Start of Input data

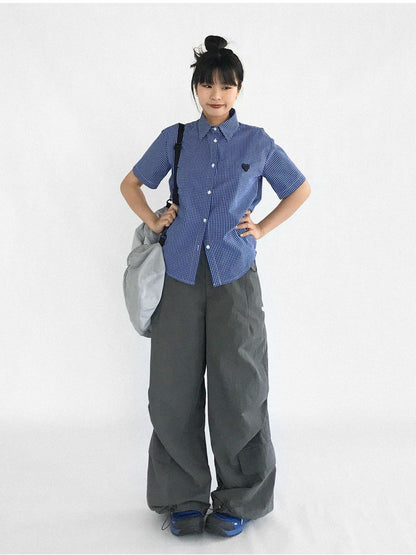 innomoood Classic Blue White Checked Slim Fit Short Sleeve Shirt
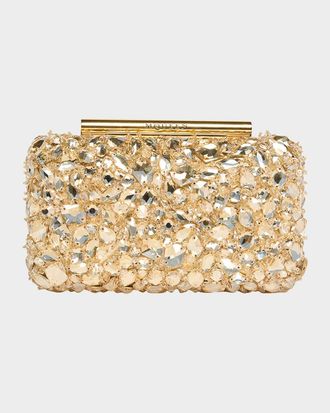 Alexander McQueen Bead & Crystal T-Bar Clutch Bag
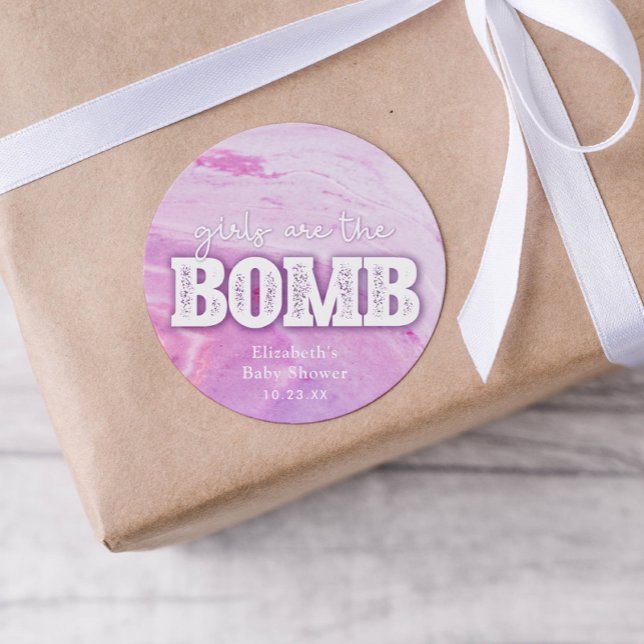 Bath Bomb Baby Shower Classic Round Sticker (Creator Uploaded)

End of Input data

Activity ->
Would you write out the material above in full, exactly as given, except for its pictures?

Written solution ->
 innomoood Classic Blue White Checked Slim Fit Short Sleeve Shirt
 Alexander McQueen Bead & Crystal T-Bar Clutch Bag
 Bath Bomb Baby Shower Classic Round Sticker (Creator Uploaded)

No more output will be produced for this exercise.